Le(s) petit(s) plus ?

D’abord, Staged bodies est une exposition qui nous fait réfléchir sur notre manière d’utiliser et de consommer les images dont nous sommes bombardés chaque jour, que ce soit sur l’Internet, les réseaux sociaux, les revues, ou même dans la rue. On comprend qu’elles ne sont jamais la représentation du réel – ni du corps réel – mais que toutes sont des mises en scène. Pensez, dans les abysses des applications mobiles, à ce dangereux « outil » que constitue Instagram, et à ce sidérant « instagram VS reality » dont les « insagrameurs -euses » éhonté(e)s se pâment, tout sourire, posant avec fierté. Vous savez quoi ? Quelque chose me dit que même l’image légendée « reality » n’est jamais réalité, mais qu’on est plus que jamais dans une époque de « staged bodies », où les réseaux en sont devenus à la fois les médiums et les théâtres. Flippant, non ?

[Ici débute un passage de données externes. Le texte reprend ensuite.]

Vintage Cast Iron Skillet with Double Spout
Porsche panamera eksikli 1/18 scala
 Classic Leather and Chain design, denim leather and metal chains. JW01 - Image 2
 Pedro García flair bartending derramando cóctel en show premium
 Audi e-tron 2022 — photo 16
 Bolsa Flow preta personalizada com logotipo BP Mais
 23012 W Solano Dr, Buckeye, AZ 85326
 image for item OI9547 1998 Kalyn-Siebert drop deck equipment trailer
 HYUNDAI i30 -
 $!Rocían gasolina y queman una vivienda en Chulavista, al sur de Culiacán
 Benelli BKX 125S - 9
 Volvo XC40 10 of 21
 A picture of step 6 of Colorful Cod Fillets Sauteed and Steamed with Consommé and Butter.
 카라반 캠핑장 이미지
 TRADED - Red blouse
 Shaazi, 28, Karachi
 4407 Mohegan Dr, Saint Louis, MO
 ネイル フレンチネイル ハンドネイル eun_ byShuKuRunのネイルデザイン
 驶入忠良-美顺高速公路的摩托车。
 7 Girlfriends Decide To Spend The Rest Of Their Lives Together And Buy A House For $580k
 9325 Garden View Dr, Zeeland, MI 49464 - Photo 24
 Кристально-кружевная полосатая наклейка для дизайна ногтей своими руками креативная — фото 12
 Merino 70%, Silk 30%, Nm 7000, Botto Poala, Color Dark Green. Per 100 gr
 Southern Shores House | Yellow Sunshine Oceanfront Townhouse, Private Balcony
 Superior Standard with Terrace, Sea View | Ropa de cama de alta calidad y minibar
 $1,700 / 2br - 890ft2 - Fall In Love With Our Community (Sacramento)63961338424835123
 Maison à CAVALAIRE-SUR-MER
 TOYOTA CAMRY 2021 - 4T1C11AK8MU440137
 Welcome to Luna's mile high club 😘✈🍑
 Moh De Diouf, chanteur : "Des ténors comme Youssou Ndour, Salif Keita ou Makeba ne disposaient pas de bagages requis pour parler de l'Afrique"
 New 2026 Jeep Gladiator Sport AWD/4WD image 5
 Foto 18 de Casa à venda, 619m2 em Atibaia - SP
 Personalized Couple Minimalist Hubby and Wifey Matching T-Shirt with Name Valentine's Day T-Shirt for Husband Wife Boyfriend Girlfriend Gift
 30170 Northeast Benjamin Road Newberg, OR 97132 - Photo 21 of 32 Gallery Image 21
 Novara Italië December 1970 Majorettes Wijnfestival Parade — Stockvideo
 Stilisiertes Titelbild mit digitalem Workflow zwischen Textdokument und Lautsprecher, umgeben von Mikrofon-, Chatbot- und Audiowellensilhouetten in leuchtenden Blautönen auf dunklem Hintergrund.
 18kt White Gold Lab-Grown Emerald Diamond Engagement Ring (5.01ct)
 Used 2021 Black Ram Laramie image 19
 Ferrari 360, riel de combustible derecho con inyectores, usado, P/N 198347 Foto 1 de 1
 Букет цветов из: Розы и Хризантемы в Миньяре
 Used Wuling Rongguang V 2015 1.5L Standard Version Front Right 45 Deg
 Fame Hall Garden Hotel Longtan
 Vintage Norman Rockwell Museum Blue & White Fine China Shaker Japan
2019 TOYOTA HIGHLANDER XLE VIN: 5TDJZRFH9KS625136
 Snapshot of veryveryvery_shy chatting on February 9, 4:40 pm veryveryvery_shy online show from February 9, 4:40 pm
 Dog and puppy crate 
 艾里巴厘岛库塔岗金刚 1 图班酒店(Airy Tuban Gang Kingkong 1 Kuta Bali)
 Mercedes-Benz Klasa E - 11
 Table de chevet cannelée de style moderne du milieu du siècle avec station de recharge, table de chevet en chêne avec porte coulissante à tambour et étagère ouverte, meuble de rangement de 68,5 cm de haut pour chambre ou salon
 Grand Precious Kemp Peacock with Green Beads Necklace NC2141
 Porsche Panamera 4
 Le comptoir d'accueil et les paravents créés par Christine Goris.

De nombreuses activités sont organisées autour de l’exposition et sont à découvrir dans l’agenda sur le site internet du musée : une conférence, un colloque pour les plus passionnés, des visites guidées, des ateliers, et même une performance dansée ! En outre, l’exposition étant organisée au sein d’un musée universitaire, il paraitrait que les étudiants UCL du séminaire en « Histoire de l’art des avant-gardes à l’art actuel » ont pu dialoguer, collaborer avec le personnel du musée, être formés sur le terrain et puis surtout s’impliquer un peu dans les différentes étapes de Staged bodies. On aime l’esprit d’équipe, pratique, et la pédagogie made in UCL !

Infos pratiques

  • Où ? Musée L, 3, Place des Sciences, 1348, Louvain-La-Neuve.
  • Quand ? Du 16 octobre au 24 janvier 2021, du mardi au vendredi de 9h30 à 17h, et le week-end et les jours fériés de 11h à 17h.
  • Combien ? 3 EUR pour l’entrée individuelle. Autres tarifs disponibles.